Essa falta de amor faz Abigail se colocar em situações de risco. Mas essas ameaças são pouco perto do abandono que sente. Nem na irmã ela consegue uma companhia, já que Berta tenta, da sua forma, escapar de casa ao ficar com amigas com vidas bem mais confortáveis. Abigail se apaixona, se decepciona, se apaixona novamente, é abandonada, é esquecida, mas não deixa de procurar por alguém que possa salvá-la e amá-la. Ela escreve cartas para os amantes, para o pai — algumas cartas dele também são inseridas na narrativa —, fantasia uma vida em um novo lugar, mas não longe do pai e da irmã. Eles sempre fazem parte dessas fantasias. 

Natércia Pontes é maravilhosa em descrever tudo o que acontece com Abigail, dentro e fora. Ela sente com intensidade, e ela relaciona tudo com os cheiros, os sons, que na maioria das vezes não são os melhores. É o cheiro de leite azedando, o barulho de patinhas de ratos e baratas que vivem no apartamento, o cheiro de bebida de quando o pai volta para casa. É um cenário bem miserável, onde parece impossível viver com tranquilidade. É como se a falta de vontade de viver do pai tivesse passado para o apartamento e, dele, para Abigail. Uma reação em cadeia que só teria fim com a recuperação de todos. Mas no fundo eles nunca desistem um dos outros. 

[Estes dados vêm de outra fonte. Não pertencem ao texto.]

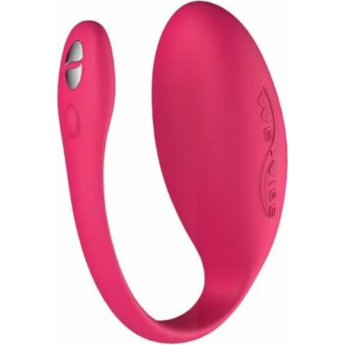 Вибратор WOMANIZER WE-VIBE JIVE розовый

Os tais caquinhos foi uma leitura que me prendeu muito, das descrições desse lugar até às pequenas loucuras de Abigail e seu pai. E por mais que possa ser tudo nojento, sujo e fedido, lá no fundo está o amor do pai pelas filhas, das filhas pelo pai, e até aquela sensação de familiaridade e conforto em um lugar onde nada disso poderia sobreviver. Mas sobrevive.